Difatti, l’effetto estintivo del rapporto di lavoro che deriva dall’atto di recesso determina comunque lo stato di disoccupazione, fatto costitutivo del diritto alla prestazione su cui non incide la contestazione in sede giudiziaria della legittimità del licenziamento.
Ne discende che solo se poi venga dichiarato illegittimo il licenziamento e ripristinato il rapporto per effetto della reintegrazione, le indennità di disoccupazione potranno e dovranno essere chieste in restituzione dall’INPS, in quanto verrebbero meno i presupposti stessi della prestazione.
Ad ogni modo, le indennità corrisposte non potranno essere detratte dalle somme cui il datore è stato condannato ex Legge n. 300/1970.
Sono i principi richiamati dalla Corte di cassazione nel testo dell'ordinanza n. 17793 del 26 agosto 2020, pronunciata con riferimento ad una causa in cui si era verificata una situazione di disoccupazione all’esito della scadenza di un termine apposto in un contratto di lavoro.

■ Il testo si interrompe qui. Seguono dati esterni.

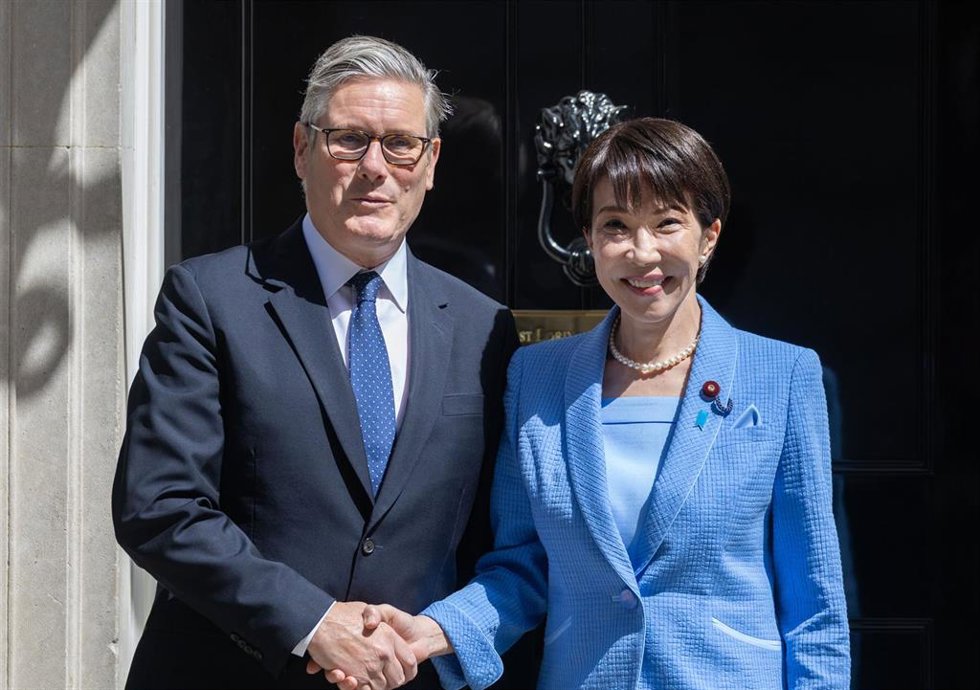 Keir Starmer y Sanae Takaichi en Londres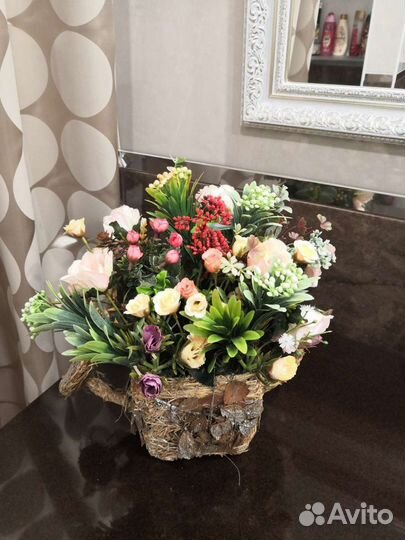 Цветы в леечке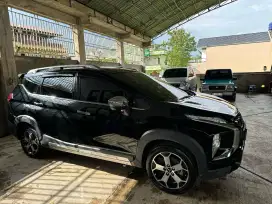 Xpander Cross 1.5 A/T Premium Package
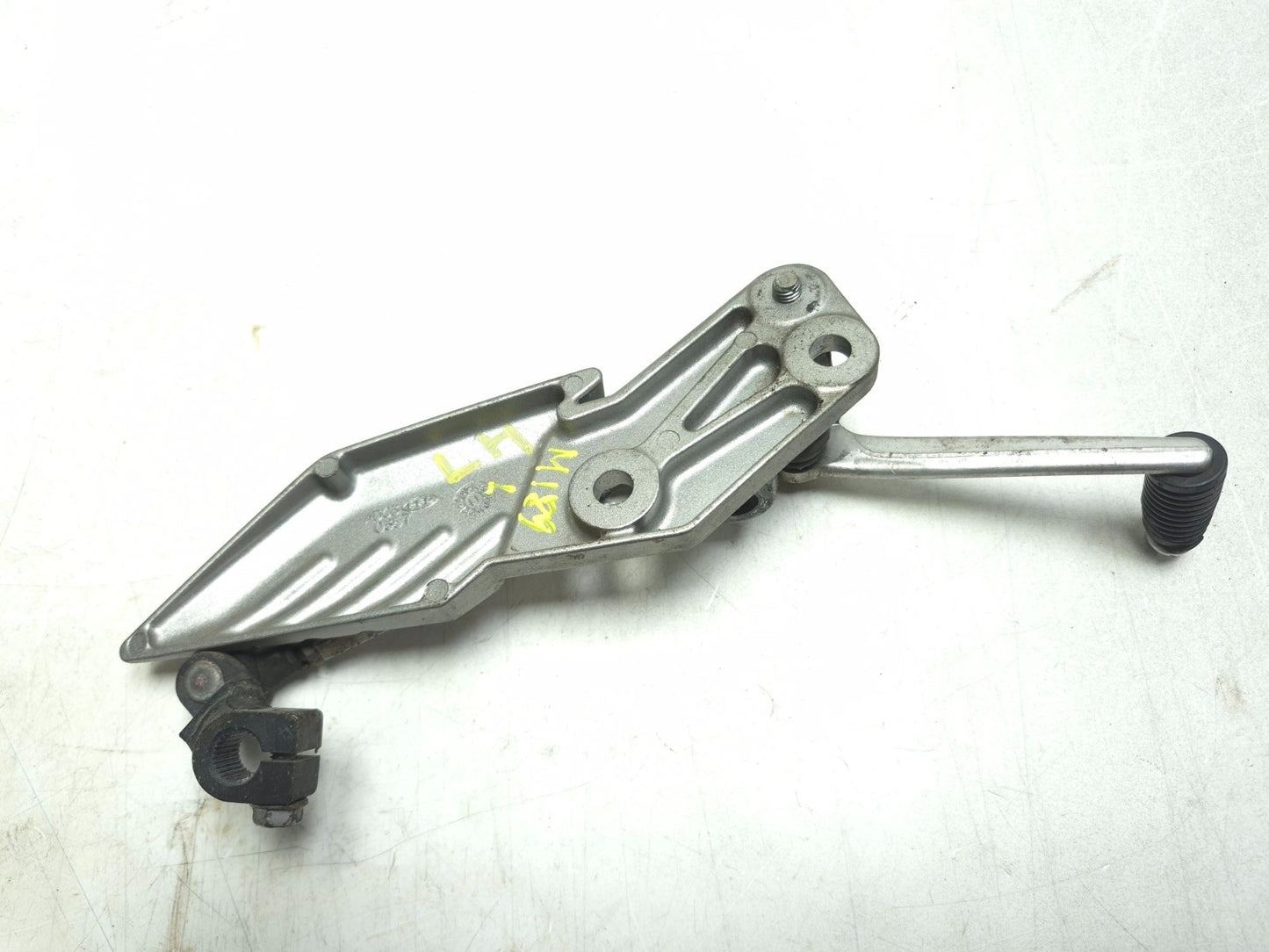 2009 Kawasaki Concours 14 Zg1400 Gear Shift Lever W/ Footrest Mount OEM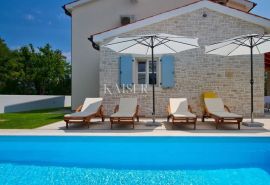 Istra, Marčana - vila s bazenom, 200m2, Marčana, Famiglia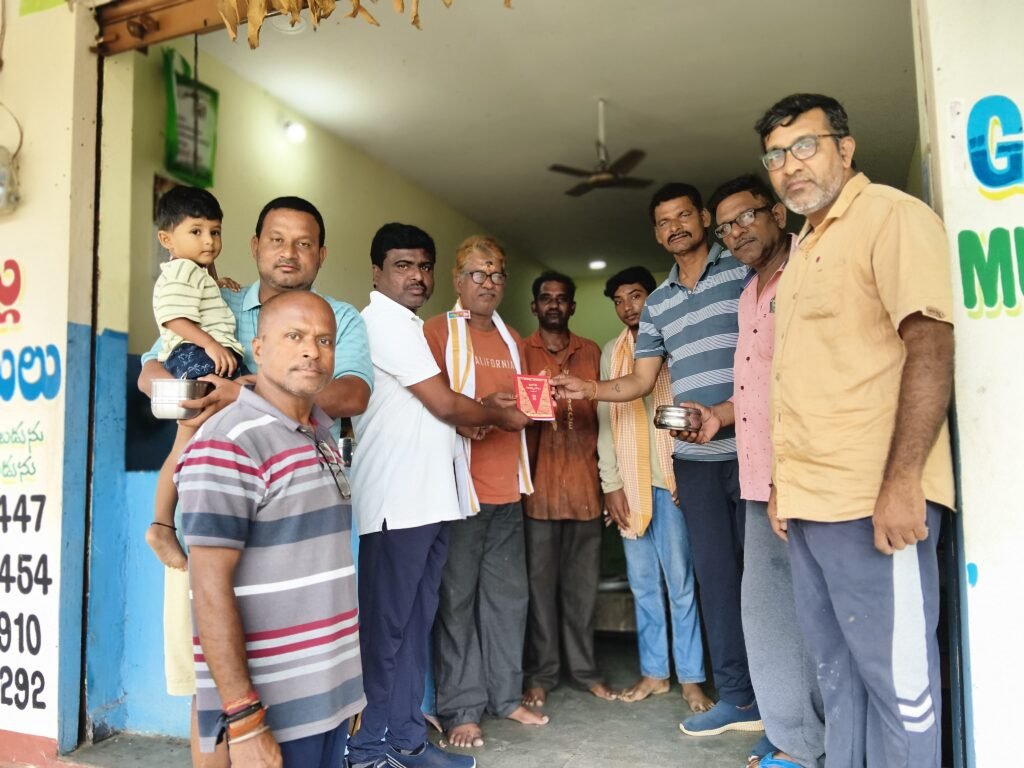 ప్లాస్టిక్ నివారణకు గోల్డెన్ మటన్ షాపు వినూత్న ప్రయత్నం…టిఫిన్ బాక్స్ తెస్తే మటన్‌పై రూ.50 తగ్గింపు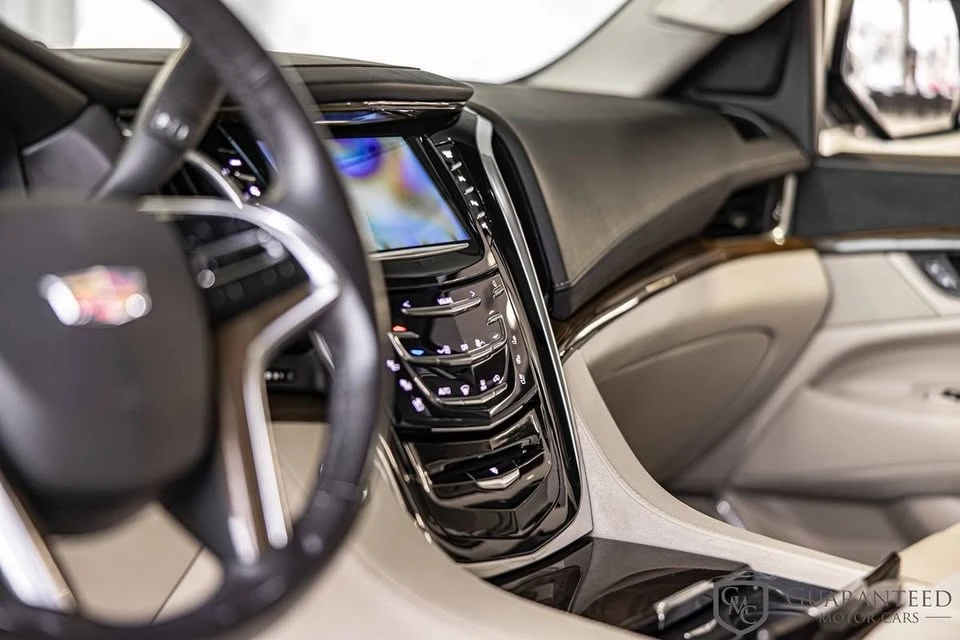 2020 Cadillac Escalade 4th Gen - Image 19 of 20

Gli Ermellini, in particolare, hanno confermato la decisione con cui i giudici di merito avevano ritenuto che non fosse ostativo alla prestazione della disoccupazione il fatto della sopravvenuta sentenza con cui il Tribunale, nella controversia tra il datore e il prestatore, aveva dichiarato la nullità del termine contrattuale in oggetto, riconoscendo un rapporto a tempo indeterminato per lo stesso periodo.
In detto contesto, era intervenuta una transazione tra le parti che prevedeva la risoluzione del rapporto, la regolarizzazione previdenziale e l’erogazione di un importo a titolo di danno non patrimoniale.

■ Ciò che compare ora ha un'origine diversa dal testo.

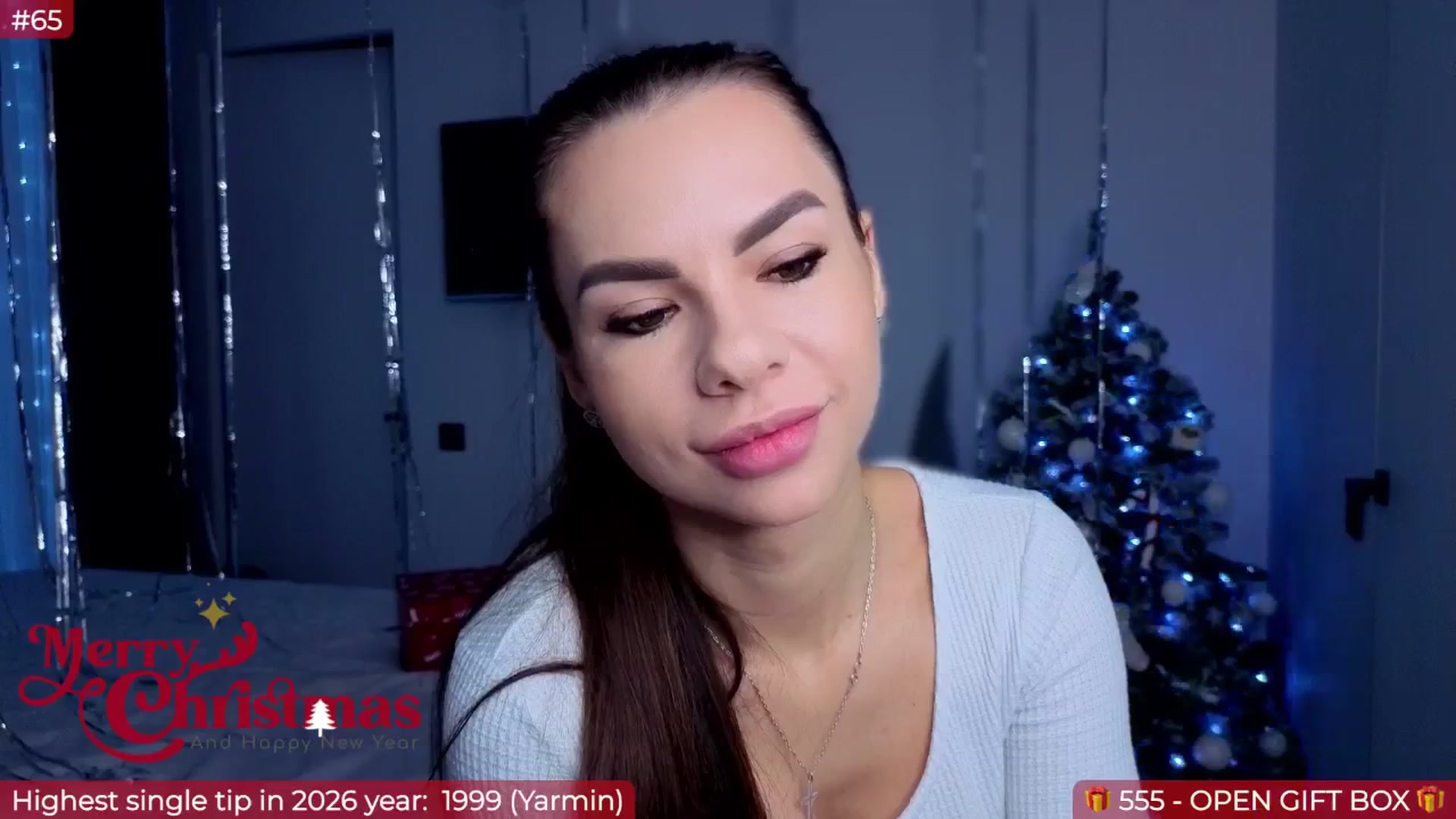 Gallery image thumbnail from Panamera_888's myfreecams stream on, 01/02/2026, 24:02 image 10 of 20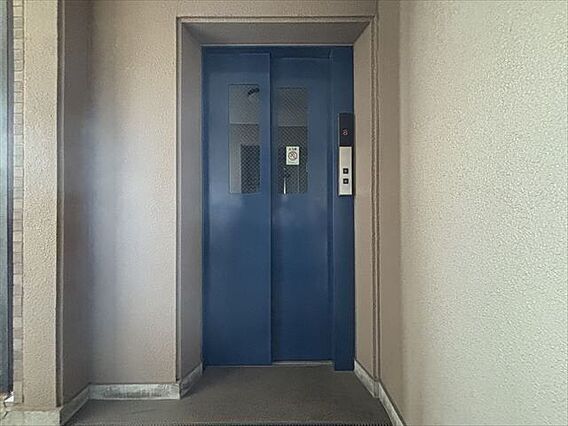 エレベーターベ...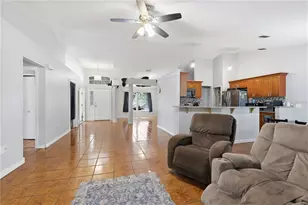 725 W 9th St, Deltona, FL 32725 - Photo 9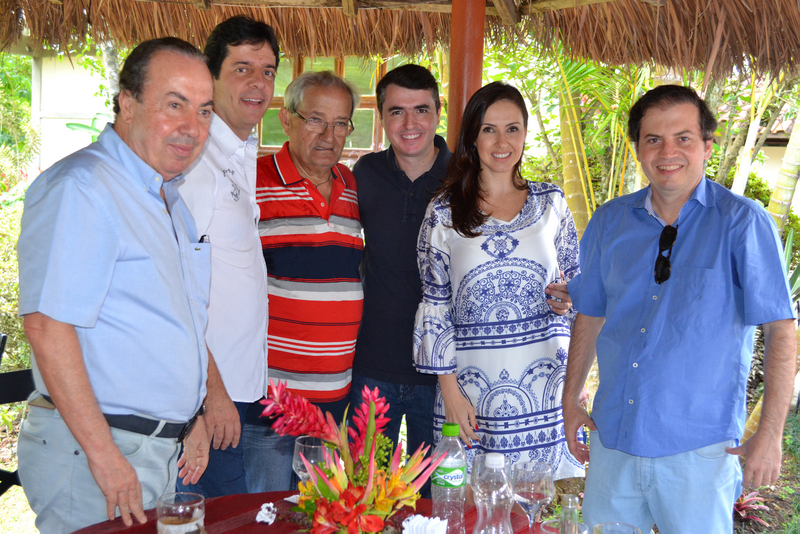 Danilo de Castro, Dinis Pinheiro, o aniversariante Ibrahim El-Kouri, prefeito Bruno Siqueira (com Daniele) e o deputado Rodrigo de Castro  Foto: Wolmer Monteiro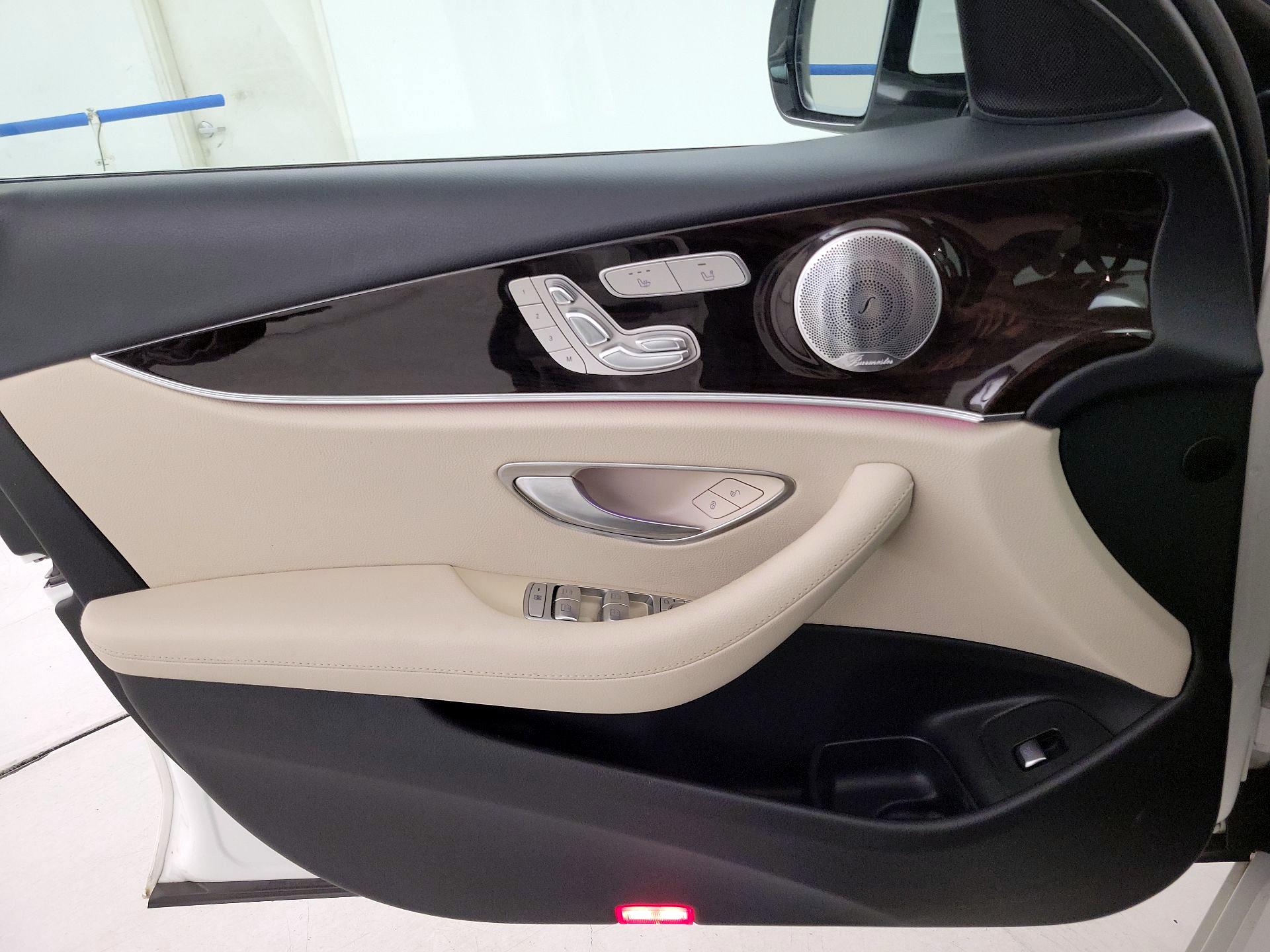 Thumbnail: 2020 Mercedes-Benz E-Class - 12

Il lavoratore, ciò posto, non era mai stato reintegrato nel posto di lavoro, né aveva ricevuto spettanze retributive e ciò escludeva che l’indennità di disoccupazione potesse diventare indebita per il solo fatto di aver ottenuto una sentenza favorevole: nei confronti dell’INPS, infatti, si doveva avere riguardo alla transazione intercorsa e non alla sentenza.
Elemento ostativo alla percezione dell’indennità - si legge nella decisione - è infatti l’effettiva ricostituzione del rapporto di lavoro, nei suoi aspetti giuridici ed economici, ricostituzione che, nel caso in esame, non si era realizzata posto che il lavoratore non era mai stato reintegrato e che per il periodo in contestazione non aveva ricevuto le proprie spettanze retributive.